- WHAT YOU WILL DO
Your answer must be every line below, repeated exactly.

- COLLECTED DATA
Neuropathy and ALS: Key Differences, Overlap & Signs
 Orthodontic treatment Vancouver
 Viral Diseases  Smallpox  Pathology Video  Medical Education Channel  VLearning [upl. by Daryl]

- ANSWER FOR THIS EXERCISE
Neuropathy and ALS: Key Differences, Overlap & Signs
 Orthodontic treatment Vancouver
 Viral Diseases  Smallpox  Pathology Video  Medical Education Channel  VLearning [upl. by Daryl]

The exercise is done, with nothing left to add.